## [Problem to solve]
The data below holds a line containing "Зарубежные ученые объяснили, почему" and a line containing "醤油豚骨」@横濱家系らーめん 三國家 南本宿店の写真"; please quote exactly those two lines and every line between them, and nothing else.

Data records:
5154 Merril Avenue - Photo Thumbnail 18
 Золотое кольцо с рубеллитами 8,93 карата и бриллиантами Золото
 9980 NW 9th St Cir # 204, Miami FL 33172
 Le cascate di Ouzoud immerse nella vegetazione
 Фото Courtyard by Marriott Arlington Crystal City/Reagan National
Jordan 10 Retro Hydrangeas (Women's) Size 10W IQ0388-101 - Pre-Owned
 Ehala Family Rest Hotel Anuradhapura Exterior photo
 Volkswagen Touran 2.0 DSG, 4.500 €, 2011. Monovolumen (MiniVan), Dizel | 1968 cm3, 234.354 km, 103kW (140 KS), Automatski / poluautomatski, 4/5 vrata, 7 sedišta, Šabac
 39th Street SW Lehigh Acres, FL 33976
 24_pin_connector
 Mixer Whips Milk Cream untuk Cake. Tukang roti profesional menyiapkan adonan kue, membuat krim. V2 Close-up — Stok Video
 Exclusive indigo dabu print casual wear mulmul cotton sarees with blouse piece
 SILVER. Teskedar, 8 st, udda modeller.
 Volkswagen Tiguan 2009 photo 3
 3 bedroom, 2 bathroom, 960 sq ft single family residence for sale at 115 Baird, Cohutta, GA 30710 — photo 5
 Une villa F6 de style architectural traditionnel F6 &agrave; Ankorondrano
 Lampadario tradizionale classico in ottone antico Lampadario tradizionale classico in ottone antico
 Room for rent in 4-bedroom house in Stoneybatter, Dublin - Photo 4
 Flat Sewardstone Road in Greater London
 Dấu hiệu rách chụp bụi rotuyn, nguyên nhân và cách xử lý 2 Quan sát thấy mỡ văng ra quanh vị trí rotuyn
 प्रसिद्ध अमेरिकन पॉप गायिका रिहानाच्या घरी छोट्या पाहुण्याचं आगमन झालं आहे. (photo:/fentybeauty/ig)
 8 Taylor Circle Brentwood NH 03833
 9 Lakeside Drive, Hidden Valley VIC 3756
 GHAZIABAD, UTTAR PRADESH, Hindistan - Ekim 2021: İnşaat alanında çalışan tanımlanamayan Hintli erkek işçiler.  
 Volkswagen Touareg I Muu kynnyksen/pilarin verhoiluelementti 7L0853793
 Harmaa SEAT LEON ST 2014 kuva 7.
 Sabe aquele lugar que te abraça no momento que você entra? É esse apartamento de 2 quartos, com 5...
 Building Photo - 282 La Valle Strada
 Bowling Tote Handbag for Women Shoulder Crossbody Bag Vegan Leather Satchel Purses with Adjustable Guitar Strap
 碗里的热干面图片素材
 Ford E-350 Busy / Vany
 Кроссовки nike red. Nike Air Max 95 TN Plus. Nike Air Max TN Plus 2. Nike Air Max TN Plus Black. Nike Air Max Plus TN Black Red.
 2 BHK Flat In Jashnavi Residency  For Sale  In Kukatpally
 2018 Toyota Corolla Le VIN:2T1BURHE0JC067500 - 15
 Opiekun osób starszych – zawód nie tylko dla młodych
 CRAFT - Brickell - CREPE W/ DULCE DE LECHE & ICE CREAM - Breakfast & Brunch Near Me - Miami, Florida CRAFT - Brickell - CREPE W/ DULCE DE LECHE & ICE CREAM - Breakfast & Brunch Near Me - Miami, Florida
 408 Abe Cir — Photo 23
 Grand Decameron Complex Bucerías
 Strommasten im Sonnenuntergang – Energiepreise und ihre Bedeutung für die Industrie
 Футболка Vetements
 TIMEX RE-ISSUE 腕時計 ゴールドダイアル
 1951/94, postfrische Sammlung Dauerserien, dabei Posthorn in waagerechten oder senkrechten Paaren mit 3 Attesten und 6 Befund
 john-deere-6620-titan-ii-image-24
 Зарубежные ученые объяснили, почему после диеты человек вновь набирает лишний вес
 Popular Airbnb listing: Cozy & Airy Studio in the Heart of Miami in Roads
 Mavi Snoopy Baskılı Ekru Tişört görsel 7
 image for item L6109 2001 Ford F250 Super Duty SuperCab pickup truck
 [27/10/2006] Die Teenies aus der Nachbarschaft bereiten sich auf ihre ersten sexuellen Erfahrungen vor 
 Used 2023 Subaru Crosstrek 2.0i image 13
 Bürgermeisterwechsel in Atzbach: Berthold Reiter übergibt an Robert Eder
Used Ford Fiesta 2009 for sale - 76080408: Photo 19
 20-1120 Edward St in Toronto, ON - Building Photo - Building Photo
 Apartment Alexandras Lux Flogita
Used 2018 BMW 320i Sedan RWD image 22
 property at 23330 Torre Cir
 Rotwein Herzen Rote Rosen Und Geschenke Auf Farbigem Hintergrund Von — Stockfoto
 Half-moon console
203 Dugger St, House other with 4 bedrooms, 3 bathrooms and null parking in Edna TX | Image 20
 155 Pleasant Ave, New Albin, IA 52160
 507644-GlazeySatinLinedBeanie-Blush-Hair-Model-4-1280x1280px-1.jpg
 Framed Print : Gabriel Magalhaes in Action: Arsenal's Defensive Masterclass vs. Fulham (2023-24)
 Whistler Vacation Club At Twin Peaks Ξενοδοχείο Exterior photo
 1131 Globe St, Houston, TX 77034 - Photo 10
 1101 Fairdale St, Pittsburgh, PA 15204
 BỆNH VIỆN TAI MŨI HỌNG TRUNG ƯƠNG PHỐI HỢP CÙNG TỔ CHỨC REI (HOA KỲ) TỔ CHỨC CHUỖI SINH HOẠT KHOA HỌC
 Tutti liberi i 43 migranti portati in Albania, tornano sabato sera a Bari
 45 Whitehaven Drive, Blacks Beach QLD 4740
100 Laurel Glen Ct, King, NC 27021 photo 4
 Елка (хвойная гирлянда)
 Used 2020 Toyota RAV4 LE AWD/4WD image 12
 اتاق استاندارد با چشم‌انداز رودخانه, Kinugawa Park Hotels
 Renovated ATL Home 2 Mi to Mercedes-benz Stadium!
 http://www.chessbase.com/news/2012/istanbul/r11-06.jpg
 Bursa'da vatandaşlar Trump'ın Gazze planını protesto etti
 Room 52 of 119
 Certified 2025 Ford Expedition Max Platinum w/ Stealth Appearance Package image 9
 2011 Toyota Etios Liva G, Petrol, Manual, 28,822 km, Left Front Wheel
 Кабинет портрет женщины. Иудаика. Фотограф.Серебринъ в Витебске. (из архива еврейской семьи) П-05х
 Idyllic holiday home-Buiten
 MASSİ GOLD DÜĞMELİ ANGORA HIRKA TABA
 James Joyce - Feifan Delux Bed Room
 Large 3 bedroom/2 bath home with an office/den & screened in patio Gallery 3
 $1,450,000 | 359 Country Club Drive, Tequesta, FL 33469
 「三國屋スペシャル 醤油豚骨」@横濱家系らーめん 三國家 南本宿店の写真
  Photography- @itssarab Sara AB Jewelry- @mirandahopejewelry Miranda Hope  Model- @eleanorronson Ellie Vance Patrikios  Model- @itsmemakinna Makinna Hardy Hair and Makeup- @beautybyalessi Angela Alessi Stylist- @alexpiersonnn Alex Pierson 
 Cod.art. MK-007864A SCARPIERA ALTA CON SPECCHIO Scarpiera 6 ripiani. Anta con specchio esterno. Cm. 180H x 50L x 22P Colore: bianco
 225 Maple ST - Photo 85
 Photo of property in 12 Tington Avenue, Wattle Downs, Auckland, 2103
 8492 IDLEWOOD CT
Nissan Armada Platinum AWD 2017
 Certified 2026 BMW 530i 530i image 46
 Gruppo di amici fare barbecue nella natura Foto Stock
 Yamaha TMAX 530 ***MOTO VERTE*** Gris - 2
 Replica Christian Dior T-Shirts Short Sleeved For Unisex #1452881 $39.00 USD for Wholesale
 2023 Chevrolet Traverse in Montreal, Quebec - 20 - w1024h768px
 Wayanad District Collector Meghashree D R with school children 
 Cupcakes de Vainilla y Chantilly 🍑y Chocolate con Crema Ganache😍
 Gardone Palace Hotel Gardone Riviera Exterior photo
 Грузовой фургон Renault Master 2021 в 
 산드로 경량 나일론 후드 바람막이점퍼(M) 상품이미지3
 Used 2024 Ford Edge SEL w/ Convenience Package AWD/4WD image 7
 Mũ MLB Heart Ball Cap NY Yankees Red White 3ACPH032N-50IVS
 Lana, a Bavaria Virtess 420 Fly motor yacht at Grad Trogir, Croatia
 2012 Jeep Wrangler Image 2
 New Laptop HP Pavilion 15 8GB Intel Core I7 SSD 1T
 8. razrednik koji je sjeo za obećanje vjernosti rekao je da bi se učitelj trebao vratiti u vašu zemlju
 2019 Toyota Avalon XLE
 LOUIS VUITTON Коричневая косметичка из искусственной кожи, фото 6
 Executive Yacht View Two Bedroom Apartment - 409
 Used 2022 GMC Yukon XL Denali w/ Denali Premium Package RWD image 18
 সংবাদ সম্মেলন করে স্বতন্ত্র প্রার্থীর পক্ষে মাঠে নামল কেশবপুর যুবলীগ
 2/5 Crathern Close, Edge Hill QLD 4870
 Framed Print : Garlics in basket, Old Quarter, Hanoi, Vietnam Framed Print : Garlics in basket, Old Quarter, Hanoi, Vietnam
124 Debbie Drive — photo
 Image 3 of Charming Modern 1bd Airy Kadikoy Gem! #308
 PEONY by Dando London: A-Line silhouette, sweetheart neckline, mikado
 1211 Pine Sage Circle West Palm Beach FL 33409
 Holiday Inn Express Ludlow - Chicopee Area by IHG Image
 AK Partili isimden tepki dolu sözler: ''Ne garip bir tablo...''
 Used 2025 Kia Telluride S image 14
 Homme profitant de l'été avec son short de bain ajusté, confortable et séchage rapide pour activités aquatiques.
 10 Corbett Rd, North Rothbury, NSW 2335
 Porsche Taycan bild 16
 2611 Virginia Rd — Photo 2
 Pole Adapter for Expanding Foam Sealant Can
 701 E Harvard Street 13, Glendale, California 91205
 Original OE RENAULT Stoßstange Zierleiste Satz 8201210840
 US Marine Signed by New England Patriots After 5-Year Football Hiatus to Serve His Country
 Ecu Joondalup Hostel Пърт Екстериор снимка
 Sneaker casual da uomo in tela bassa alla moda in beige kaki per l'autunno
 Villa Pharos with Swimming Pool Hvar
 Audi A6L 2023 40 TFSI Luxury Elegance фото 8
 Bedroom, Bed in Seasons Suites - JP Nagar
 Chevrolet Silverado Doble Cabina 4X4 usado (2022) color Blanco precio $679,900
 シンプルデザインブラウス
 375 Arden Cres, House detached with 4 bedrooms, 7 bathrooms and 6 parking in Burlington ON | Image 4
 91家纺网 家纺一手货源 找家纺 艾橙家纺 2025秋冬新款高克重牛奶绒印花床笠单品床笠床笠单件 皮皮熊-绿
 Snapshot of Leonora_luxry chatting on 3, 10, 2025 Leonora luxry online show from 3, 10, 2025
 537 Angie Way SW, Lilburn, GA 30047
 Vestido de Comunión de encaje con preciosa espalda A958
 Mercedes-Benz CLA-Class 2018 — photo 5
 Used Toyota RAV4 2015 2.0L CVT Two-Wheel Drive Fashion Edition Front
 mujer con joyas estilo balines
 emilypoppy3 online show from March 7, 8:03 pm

## [Solution to the problem]
 Зарубежные ученые объяснили, почему после диеты человек вновь набирает лишний вес
 Popular Airbnb listing: Cozy & Airy Studio in the Heart of Miami in Roads
 Mavi Snoopy Baskılı Ekru Tişört görsel 7
 image for item L6109 2001 Ford F250 Super Duty SuperCab pickup truck
 [27/10/2006] Die Teenies aus der Nachbarschaft bereiten sich auf ihre ersten sexuellen Erfahrungen vor 
 Used 2023 Subaru Crosstrek 2.0i image 13
 Bürgermeisterwechsel in Atzbach: Berthold Reiter übergibt an Robert Eder
Used Ford Fiesta 2009 for sale - 76080408: Photo 19
 20-1120 Edward St in Toronto, ON - Building Photo - Building Photo
 Apartment Alexandras Lux Flogita
Used 2018 BMW 320i Sedan RWD image 22
 property at 23330 Torre Cir
 Rotwein Herzen Rote Rosen Und Geschenke Auf Farbigem Hintergrund Von — Stockfoto
 Half-moon console
203 Dugger St, House other with 4 bedrooms, 3 bathrooms and null parking in Edna TX | Image 20
 155 Pleasant Ave, New Albin, IA 52160
 507644-GlazeySatinLinedBeanie-Blush-Hair-Model-4-1280x1280px-1.jpg
 Framed Print : Gabriel Magalhaes in Action: Arsenal's Defensive Masterclass vs. Fulham (2023-24)
 Whistler Vacation Club At Twin Peaks Ξενοδοχείο Exterior photo
 1131 Globe St, Houston, TX 77034 - Photo 10
 1101 Fairdale St, Pittsburgh, PA 15204
 BỆNH VIỆN TAI MŨI HỌNG TRUNG ƯƠNG PHỐI HỢP CÙNG TỔ CHỨC REI (HOA KỲ) TỔ CHỨC CHUỖI SINH HOẠT KHOA HỌC
 Tutti liberi i 43 migranti portati in Albania, tornano sabato sera a Bari
 45 Whitehaven Drive, Blacks Beach QLD 4740
100 Laurel Glen Ct, King, NC 27021 photo 4
 Елка (хвойная гирлянда)
 Used 2020 Toyota RAV4 LE AWD/4WD image 12
 اتاق استاندارد با چشم‌انداز رودخانه, Kinugawa Park Hotels
 Renovated ATL Home 2 Mi to Mercedes-benz Stadium!
 http://www.chessbase.com/news/2012/istanbul/r11-06.jpg
 Bursa'da vatandaşlar Trump'ın Gazze planını protesto etti
 Room 52 of 119
 Certified 2025 Ford Expedition Max Platinum w/ Stealth Appearance Package image 9
 2011 Toyota Etios Liva G, Petrol, Manual, 28,822 km, Left Front Wheel
 Кабинет портрет женщины. Иудаика. Фотограф.Серебринъ в Витебске. (из архива еврейской семьи) П-05х
 Idyllic holiday home-Buiten
 MASSİ GOLD DÜĞMELİ ANGORA HIRKA TABA
 James Joyce - Feifan Delux Bed Room
 Large 3 bedroom/2 bath home with an office/den & screened in patio Gallery 3
 $1,450,000 | 359 Country Club Drive, Tequesta, FL 33469
 「三國屋スペシャル 醤油豚骨」@横濱家系らーめん 三國家 南本宿店の写真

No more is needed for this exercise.